O CONCEITO DA TAZ surge inicialmente de uma crítica à revolução, e de uma análise do levante. A revolução classifica o levante como um "fracasso". Mas, para nós, um levante representa uma possibilidade muito mais interessante, do ponto de vista de uma psicologia de libertação, do que as "bem-sucedidas" revoluções burguesas, comunistas, fascistas etc.


Um outro elemento gerador do conceito da TAZ surge de um processo histórico que eu chamo de "fechamento do mapa". O último pedaço da Terra não reivindicado por uma nação-Estado foi devorado em 1899. O nosso século é o primeiro sem terra incógnita, sem fronteiras. Nacionalidade é o princípio mais importante do conceito de "governo" - nenhuma ponta de rocha no Mar do Sul pode ficar em aberto, nem um vale remoto, sequer a lua ou os planetas. Essa é a apoteose do "gangsterismo territorial". Nenhum centímetro quadrado da Terra está livre da polícia ou dos impostos... em teoria.


O "mapa" é uma malha política abstrata, uma proibição gigantesca imposta pela cenoura/cacetete condicionante do Estado "Especializado", até que para a maioria de nós o mapa se torne o território - não mais a "Ilha da Tartaruga[1]", mas os "Estados Unidos". E ainda assim o mapa continua sendo uma abstração, porque não pode cobrir a Terra com a precisão 1:1. Dentro das complexidades fractais da geografia atual, o mapa pode detectar apenas malhas dimensionais. Imensidões embutidas e escondidas escapam da fita métrica. O mapa não é exato, o mapa não pode ser exato.

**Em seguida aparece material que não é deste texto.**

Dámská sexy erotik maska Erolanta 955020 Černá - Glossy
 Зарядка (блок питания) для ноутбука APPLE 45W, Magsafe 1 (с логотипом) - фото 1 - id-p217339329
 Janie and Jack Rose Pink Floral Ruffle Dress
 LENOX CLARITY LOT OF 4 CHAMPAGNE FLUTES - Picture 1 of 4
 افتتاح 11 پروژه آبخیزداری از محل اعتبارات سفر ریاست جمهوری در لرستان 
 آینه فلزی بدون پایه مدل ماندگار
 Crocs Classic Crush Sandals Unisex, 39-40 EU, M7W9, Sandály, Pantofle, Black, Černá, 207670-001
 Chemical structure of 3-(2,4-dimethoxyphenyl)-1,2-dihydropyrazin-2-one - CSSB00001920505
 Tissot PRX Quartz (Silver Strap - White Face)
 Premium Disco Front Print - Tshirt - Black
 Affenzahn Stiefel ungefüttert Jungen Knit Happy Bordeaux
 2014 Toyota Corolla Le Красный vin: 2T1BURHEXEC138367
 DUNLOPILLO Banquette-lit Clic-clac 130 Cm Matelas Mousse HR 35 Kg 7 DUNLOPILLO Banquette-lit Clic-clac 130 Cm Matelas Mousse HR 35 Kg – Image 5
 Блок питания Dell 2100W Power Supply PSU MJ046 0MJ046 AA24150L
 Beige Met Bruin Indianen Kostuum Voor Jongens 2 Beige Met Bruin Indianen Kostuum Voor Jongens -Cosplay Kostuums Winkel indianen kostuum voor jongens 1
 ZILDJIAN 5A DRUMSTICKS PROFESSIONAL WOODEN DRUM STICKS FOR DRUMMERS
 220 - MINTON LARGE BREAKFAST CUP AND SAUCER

A Revolução fechou-se, mas a possibilidade do levante está aberta. Por ora, concentramos nossas forças em "irrupções" temporárias, evitando enredamentos com "soluções permanentes".


O mapa está fechado, mas a zona autônoma está aberta. Metaforicamente, ela se desdobra por dentro das dimensões fractais invisíveis à cartografia do Controle. E aqui podemos apresentar o conceito de psicotopologia (e psicotopografia) como uma "ciência" alternativa àquela da pesquisa e criação de mapas e "imperialismo psíquico" do Estado. Apenas a psicotopografia é capaz de desenhar mapas da realidade em escala 1:1, porque apenas a mente humana tem a complexidade suficiente para modelar o real. Mas um mapa 1:1 não pode "controlar" seu território, porque é completamente idêntico a esse território. Ele pode ser usado apenas para sugerir ou, de certo modo, indicar através de gestos algumas características. Estamos à procura de "espaços" (geográficos, sociais, culturais, imaginários) com potencial de florescer como zonas autônomas - dos momentos em que estejam relativamente abertos, seja por negligência do Estado ou pelo fato de terem passado despercebidos pelos cartógrafos, ou por qualquer outra razão. A psicotopologia é a arte de submergir em busca de potenciais TAZs.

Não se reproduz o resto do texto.